# Task instructions:
All lines from the one containing "Продам титан диск" through the end of the data below are to be repeated exactly, with pictures left out.

[Opening Collected material section]

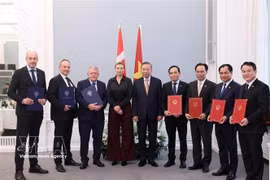 Le secrétaire général du Parti communiste du Vietnam et président de la République, Tô Lâm, et la Première ministre danoise, Mette Frederiksen, ainsi que les délégués vietnamien et danois. Photo: VNA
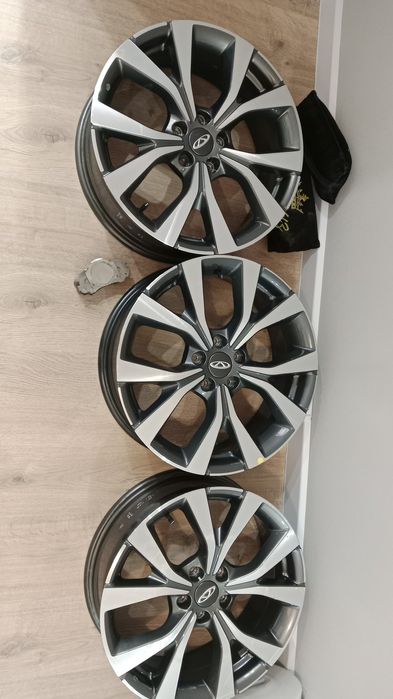 Продам титан диск черри тиггт 7 про  диск R18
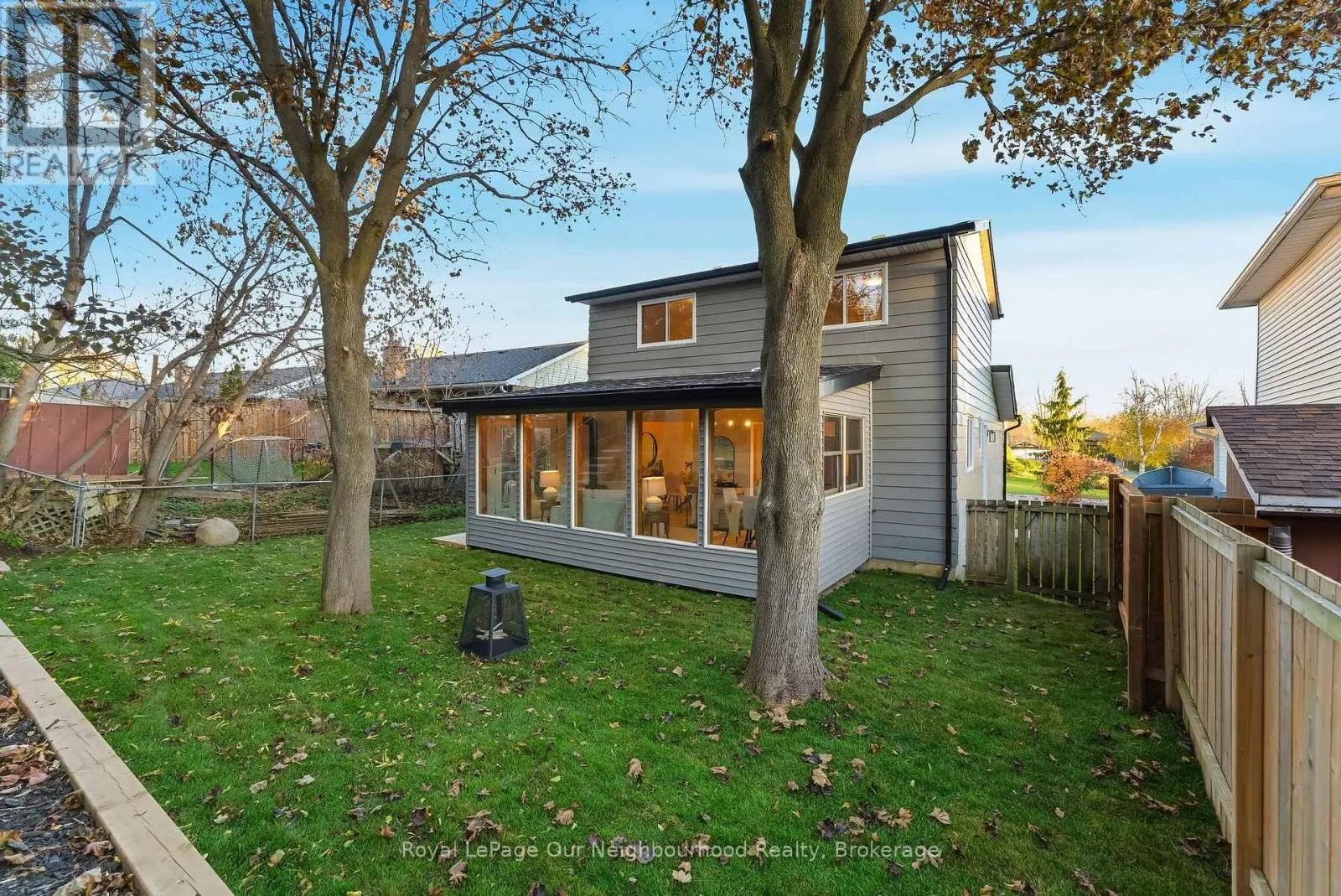 2552 FARMCREST AVENUE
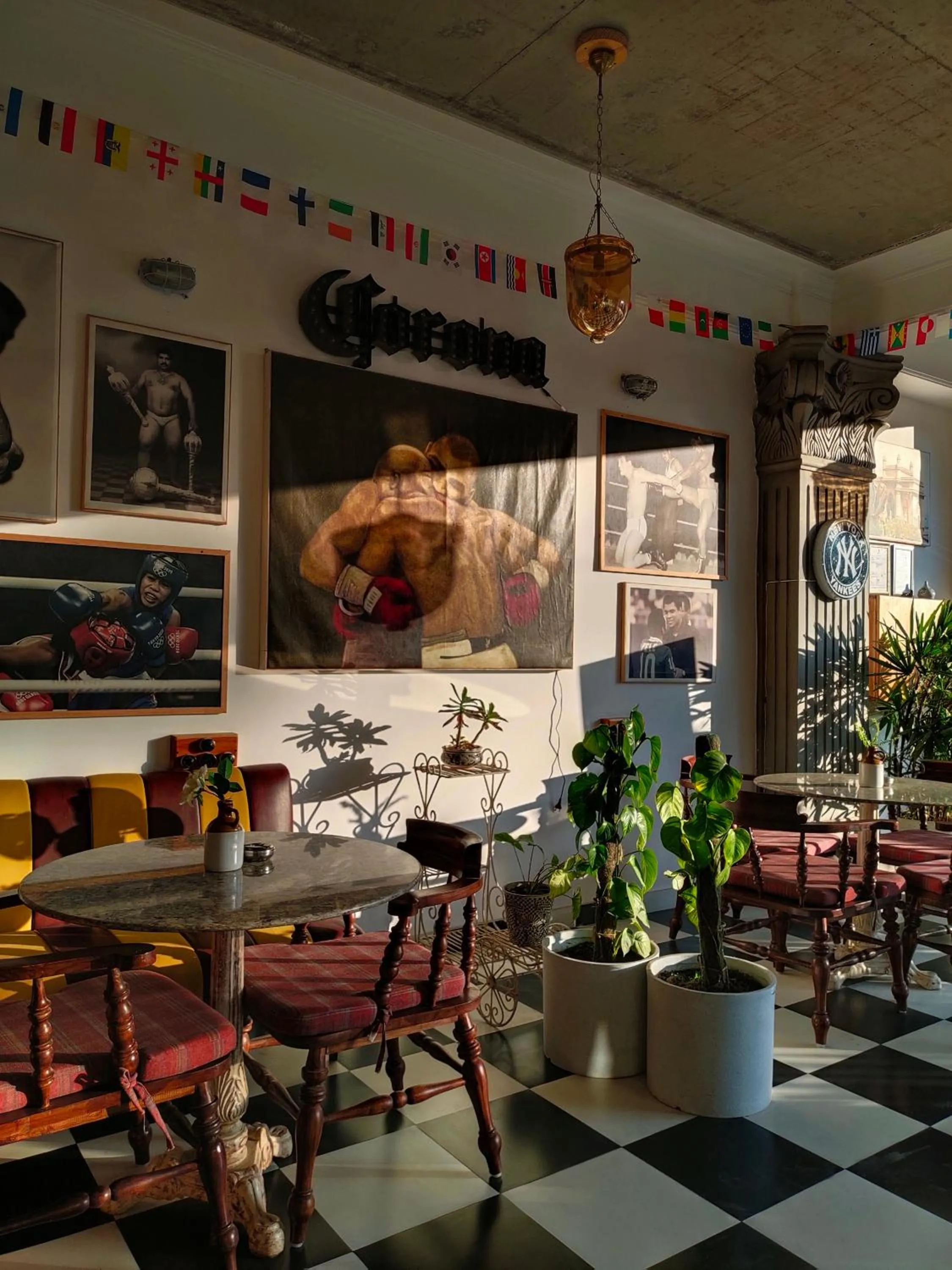 Restaurant/places to eat in 22 Heights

[Closing Collected material section]

# Exercise output:
 Продам титан диск черри тиггт 7 про  диск R18
 2552 FARMCREST AVENUE
 Restaurant/places to eat in 22 Heights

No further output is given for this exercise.